By yesterday Billy Kelleher remained defiant, arguing that Fianna Fáil wanted to provide an alternative to Fine Gael. "The idea that we can just have a coronation is ridiculous and not what voters would expect.
"We want to ensure that there is an alternative to Enda Kenny as Taoiseach. All I did was highlight the challenges in doing that. This Government has failed in key areas, case in point being health," he said.
"We are the only party that can offer an alternative. The party we are ruling out in terms of support is Fine Gael because we have to provide a credible alternative to that proposal," he argued.
There are some other things about all this which Billy Kelleher cannot publicly say right now. One is that Fine Gael's constant message to voters that "Vote Fianna Fáil - and you'll get Sinn Féin" means that he had to strongly rule out an "FF-SF" alliance.
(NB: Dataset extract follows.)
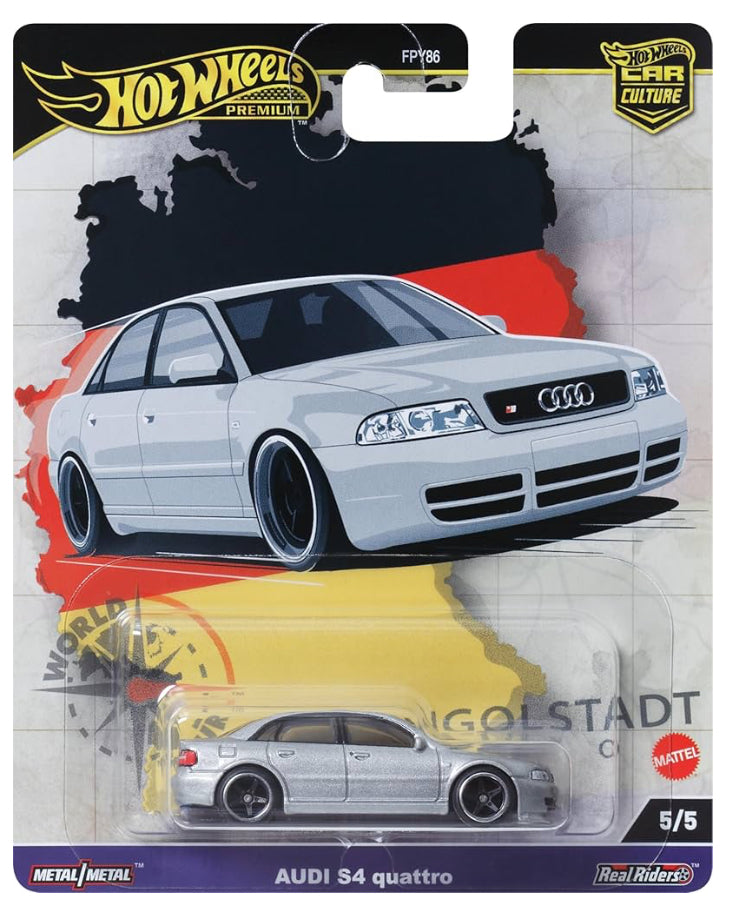 Hot Wheels Premium Car Culture Collectible Toy Car, 1:64 Scale Die-Cast Audi S4 Quattro, World Tour Vehicle with Real Riders Tires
It is also clear that a coalition with Fianna Fáil as junior partner to Fine Gael could see Eamon de Valera's party being swallowed up. The only real question might be whether the line-up should be named "Fine Fáil" or "Fianna Gael".
Billy Kelleher did not use the term "shy Fianna Fáil". That came over the weekend in a radio contribution from the party's contender in Dublin Bay South, Cllr Jim O'Callaghan. But the party is making a big play to return their old supporters and activists.
The Fianna Fáil leadership also know that these factors may add to Fine Gael's store as the biggest party and the one most likely to provide stable government. There is also the little detail of delivering government. The reality is that all these statements about future coalition intentions may not survive beyond the first inconclusive vote for Taoiseach.
In reality, simple Dáil arithmetic may change these 'no-coalition' declarations. All parties, including Fianna Fáil, will know a second swift general election - rather than cutting a government deal of some sort - may not help their own future prospects.
Any party fingered as the one which would not provide government could lose in a second election.